==== The records
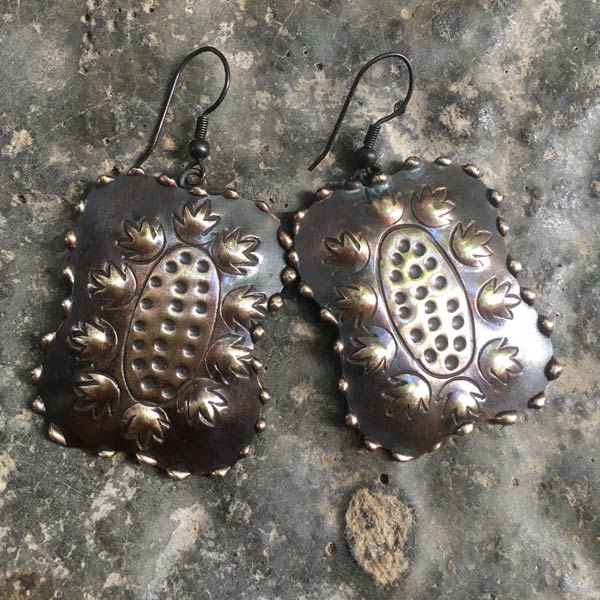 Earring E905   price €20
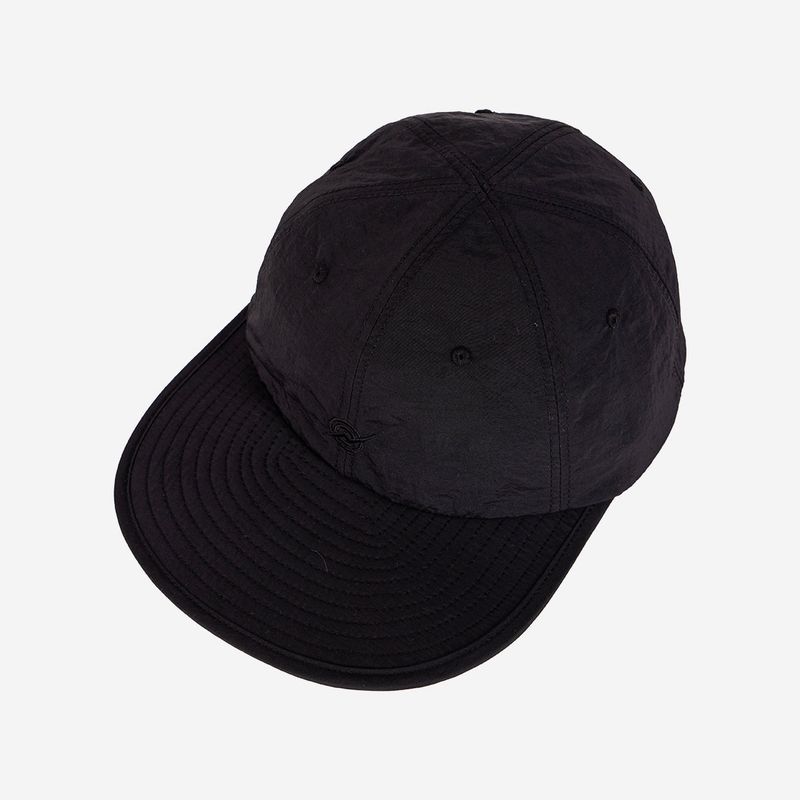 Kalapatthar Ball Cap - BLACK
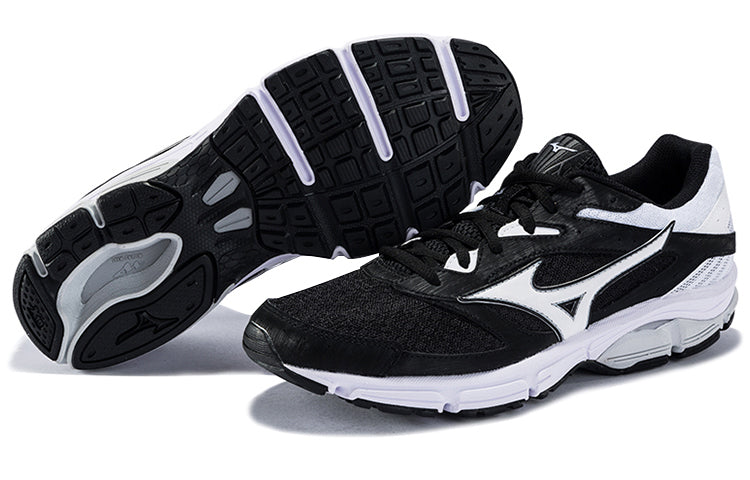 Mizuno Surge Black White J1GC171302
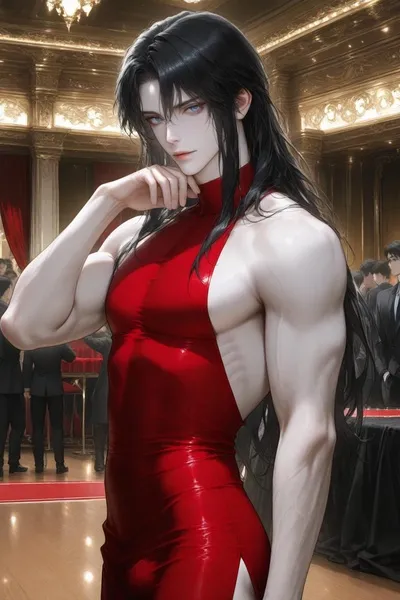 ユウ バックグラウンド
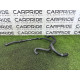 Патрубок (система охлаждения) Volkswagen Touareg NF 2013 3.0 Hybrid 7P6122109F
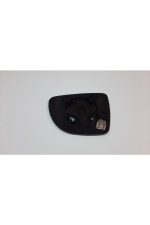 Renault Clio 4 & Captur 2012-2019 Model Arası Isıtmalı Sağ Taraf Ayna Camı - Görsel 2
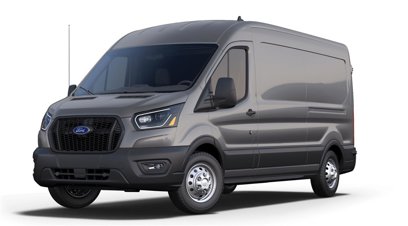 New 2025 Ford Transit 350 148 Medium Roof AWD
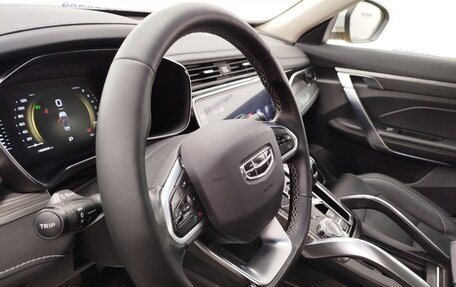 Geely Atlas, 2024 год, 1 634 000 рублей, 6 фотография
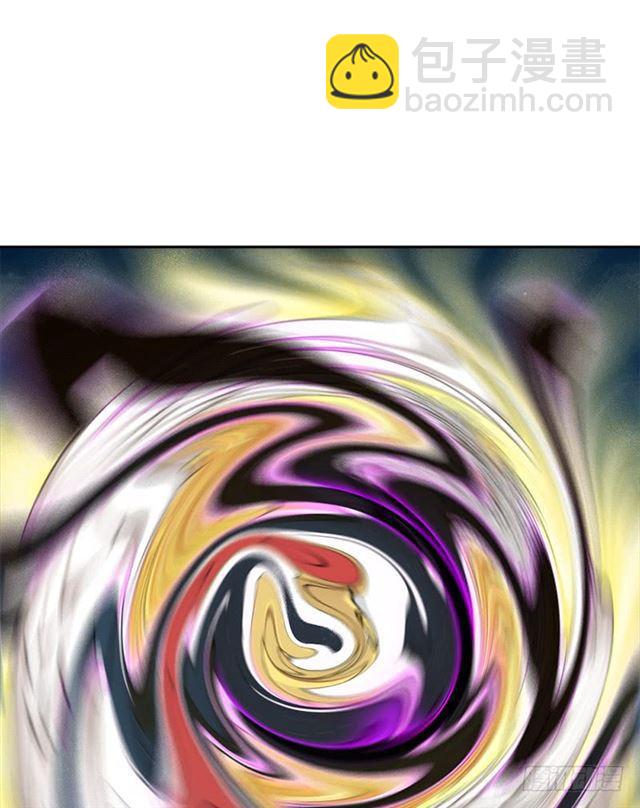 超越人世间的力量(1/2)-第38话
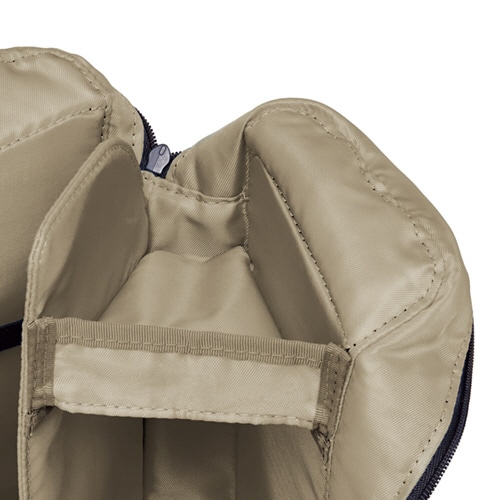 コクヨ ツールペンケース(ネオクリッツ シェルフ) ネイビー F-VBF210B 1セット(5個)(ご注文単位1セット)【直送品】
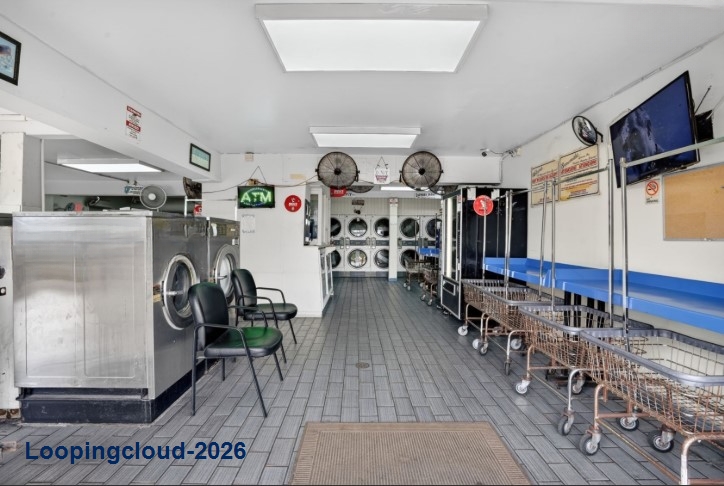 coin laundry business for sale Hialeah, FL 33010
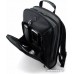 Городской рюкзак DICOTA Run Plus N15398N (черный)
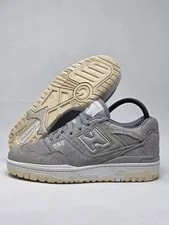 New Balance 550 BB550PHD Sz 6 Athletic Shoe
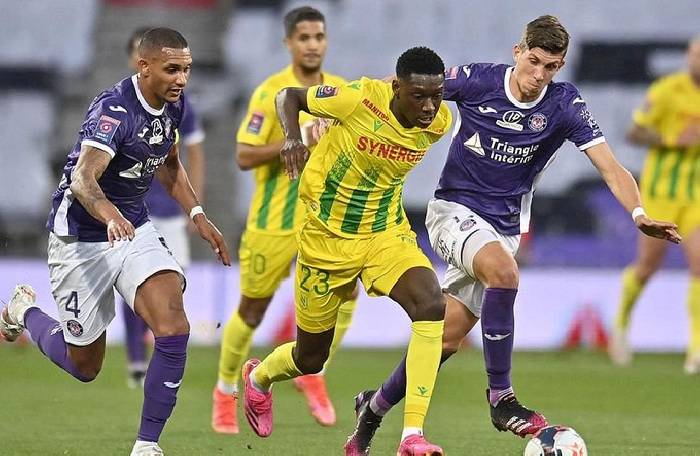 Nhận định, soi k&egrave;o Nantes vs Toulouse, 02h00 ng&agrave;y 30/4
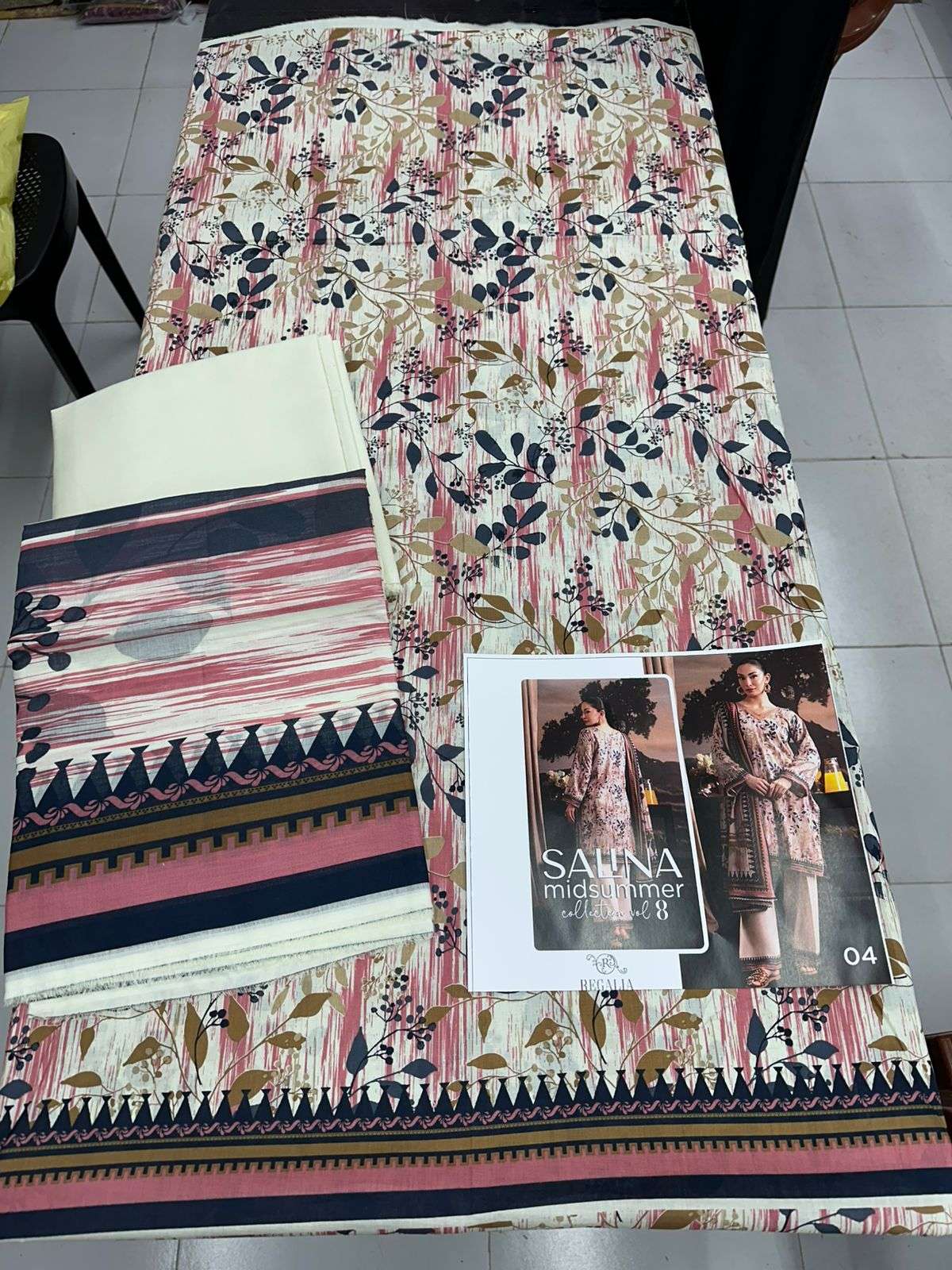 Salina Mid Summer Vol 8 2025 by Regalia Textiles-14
========
→ **Exercise**
Pictures stay out of this copy. Retype exactly the lines from the one with "Городской рюкзак DICOTA" through the last line of the data, both ends included, and nothing more.

→ **Exercise solution**
 Городской рюкзак DICOTA Run Plus N15398N (черный)
 New Balance 550 BB550PHD Sz 6 Athletic Shoe
 Nhận định, soi k&egrave;o Nantes vs Toulouse, 02h00 ng&agrave;y 30/4
 Salina Mid Summer Vol 8 2025 by Regalia Textiles-14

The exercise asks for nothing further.